## INPUT RECORDS:
::::
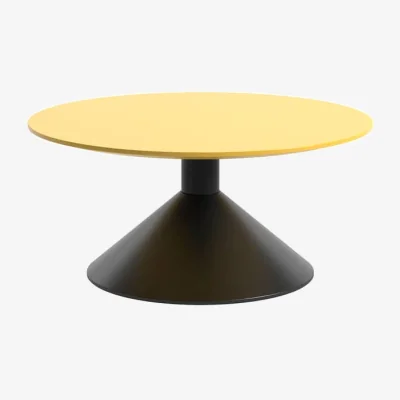 Made in Design Lud'o Coffee table wood yellow / Ø 80 cm x H 36 cm - Patricia Urquiola - Cappellini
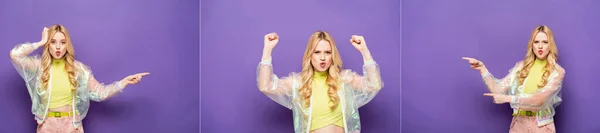 Collage of emotional blonde young woman in colorful outfit pointing with fingers on purple background, banner — Stock Photo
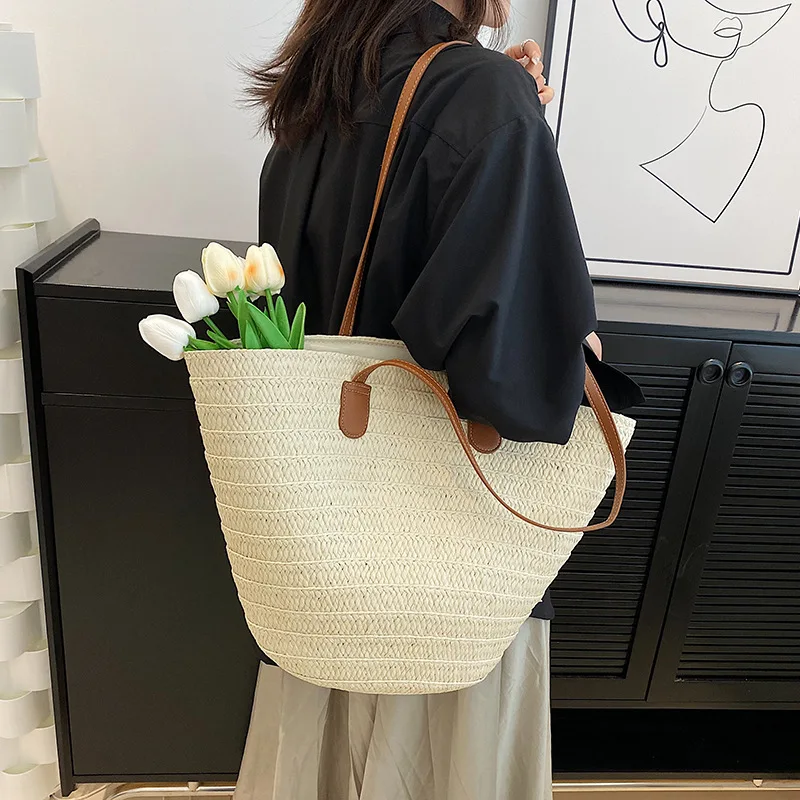 Women\'s Large Capacity Shoulder Bag Summer Straw Woven Basket Handbag Fashion Female Luxury Designer Beach Bag Bali Shopper Tote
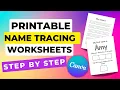 How To Make Printable Name Tracing Worksheets in Canva Etsy Digital Products To Sell Tutorial 2024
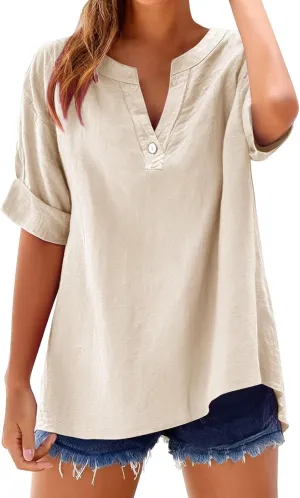 Linen Shirts for Women Rolled Short Sleeve Buttons V Neck Boho Tops Solid Summer Beach Blouses Casual Loose Fit Tee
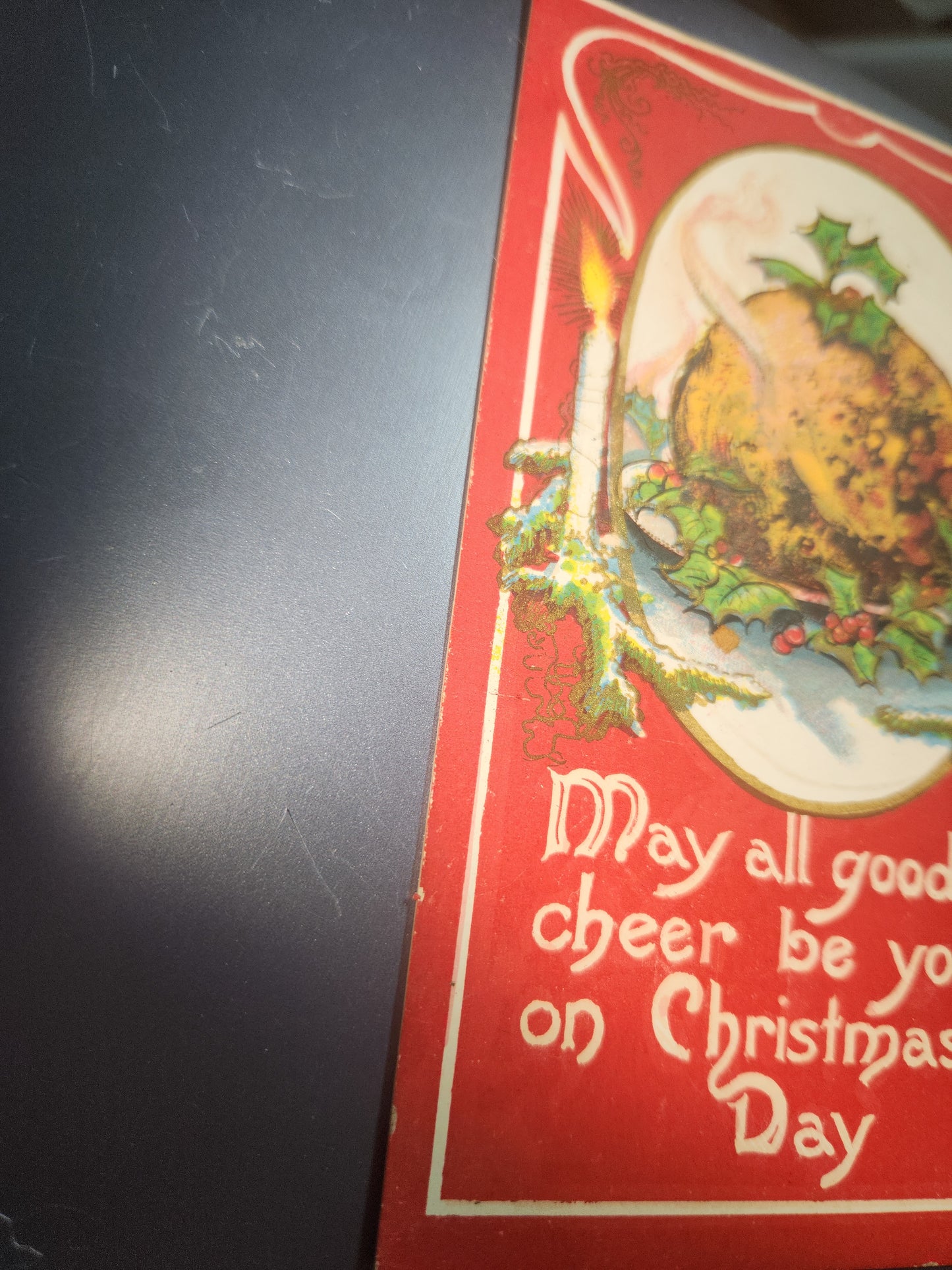 Antique Vintage Postcard Christmas Dinner Embossed Kate Bennett  May all good cheer be yours on Christmas Day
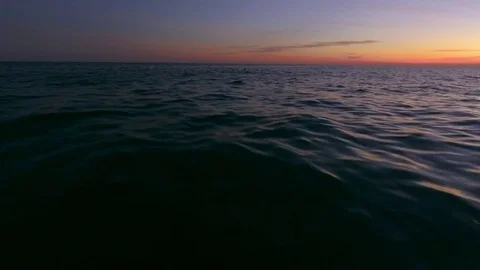 Aerial Drone Flying above Sunset Sea Stockbeeldmateriaal 75201767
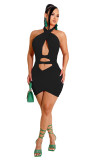 Summer Black Hollow Out Bandage Halter Mini Sexy Bodycon Dress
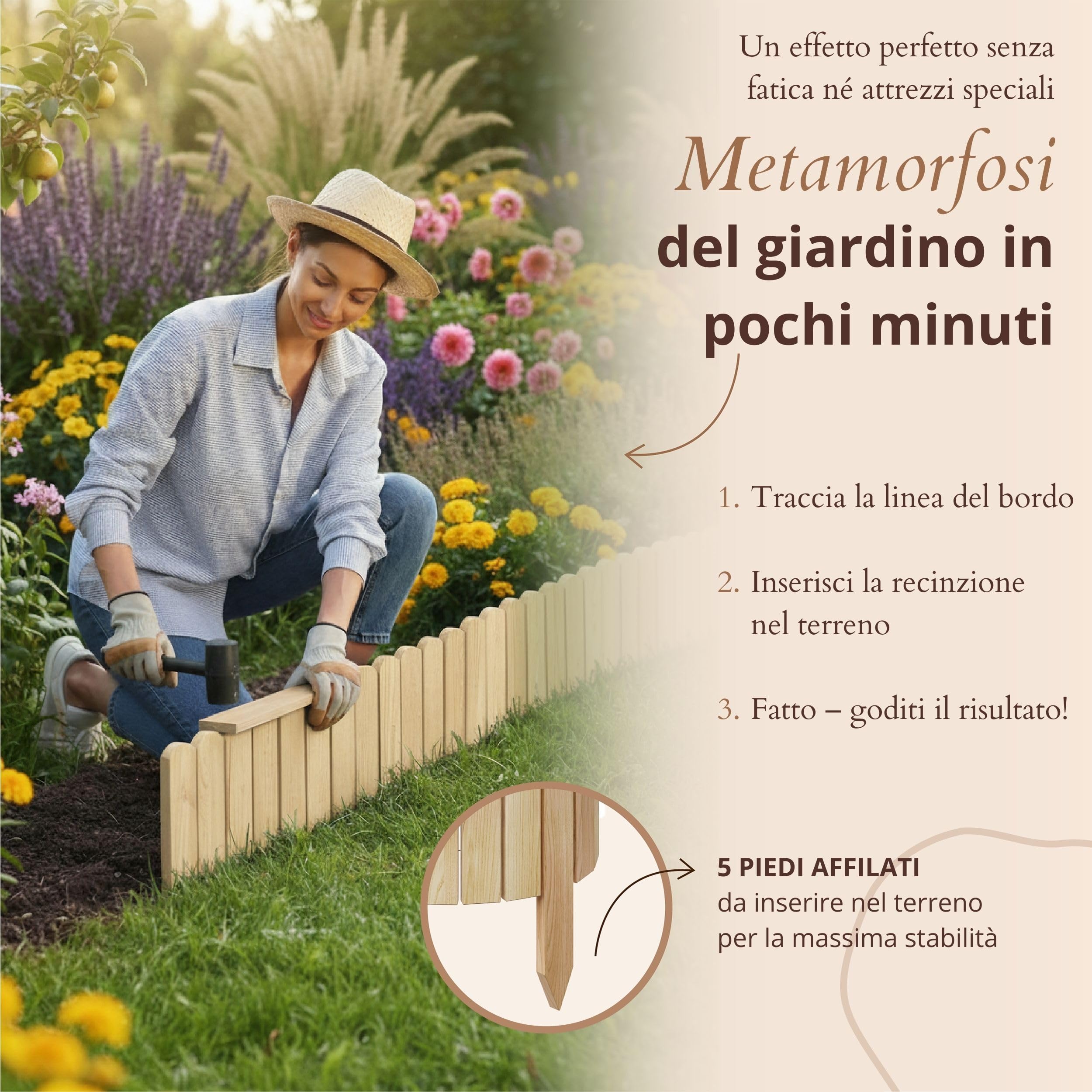 RECINZIONE DA GIARDINO legno recinzione a doghe per il bordo decorativo del paesaggio EUR 28,34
::::
## EXERCISE REQUIREMENTS:
Print all records word for word, no images.

## RESPONSE TO THE EXERCISE:
 Made in Design Lud'o Coffee table wood yellow / Ø 80 cm x H 36 cm - Patricia Urquiola - Cappellini
 Collage of emotional blonde young woman in colorful outfit pointing with fingers on purple background, banner — Stock Photo
 Women\'s Large Capacity Shoulder Bag Summer Straw Woven Basket Handbag Fashion Female Luxury Designer Beach Bag Bali Shopper Tote
 How To Make Printable Name Tracing Worksheets in Canva Etsy Digital Products To Sell Tutorial 2024
 Linen Shirts for Women Rolled Short Sleeve Buttons V Neck Boho Tops Solid Summer Beach Blouses Casual Loose Fit Tee
 Antique Vintage Postcard Christmas Dinner Embossed Kate Bennett  May all good cheer be yours on Christmas Day
 Aerial Drone Flying above Sunset Sea Stockbeeldmateriaal 75201767
 Summer Black Hollow Out Bandage Halter Mini Sexy Bodycon Dress
 RECINZIONE DA GIARDINO legno recinzione a doghe per il bordo decorativo del paesaggio EUR 28,34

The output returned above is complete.